How can agents reach partial agreements reliably?
Disagree and Commit: Degrees of Argumentation-based Agreements
January 7, 2025
https://arxiv.org/pdf/2501.01992This paper introduces the concept of "Disagree and Commit" within multi-agent AI systems using formal argumentation. It proposes a framework for measuring degrees of agreement among agents with differing preferences or using different reasoning methods (argumentation semantics), even when complete consensus isn't achievable. It explores how these degrees of agreement change as new information is introduced, particularly in the context of value-based argumentation where agents' subjective values influence their reasoning.
Key points for LLM-based multi-agent systems:
- Partial Agreements: The framework acknowledges that LLMs, like humans, might not always achieve full consensus, and offers a way to quantify and work with partial agreements.

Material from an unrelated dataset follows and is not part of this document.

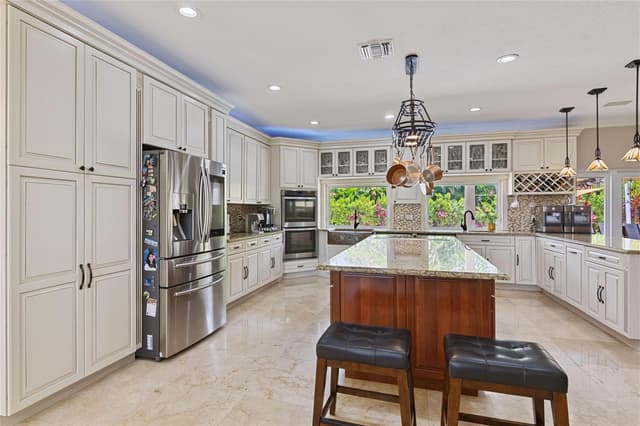 16686 GOLFVIEW Drive, Weston FL 33326 - Weston, FL - Photo 6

- Value Alignment: The emphasis on value-based argumentation is crucial for LLM agents, as aligning their values with human stakeholders is paramount. This research provides tools to model and measure this alignment.
- Dynamic Knowledge: The research investigates how agreements change with new information, a key aspect of LLM-based systems that constantly learn and update their knowledge. The framework offers ways to assess the reliability and stability of agreements in these dynamic settings.
- Simulating Disagreements: The paper provides a software implementation that can be used to simulate disagreements between LLM agents, facilitating the study of value alignment, negotiation strategies, and the impact of new information on established agreements.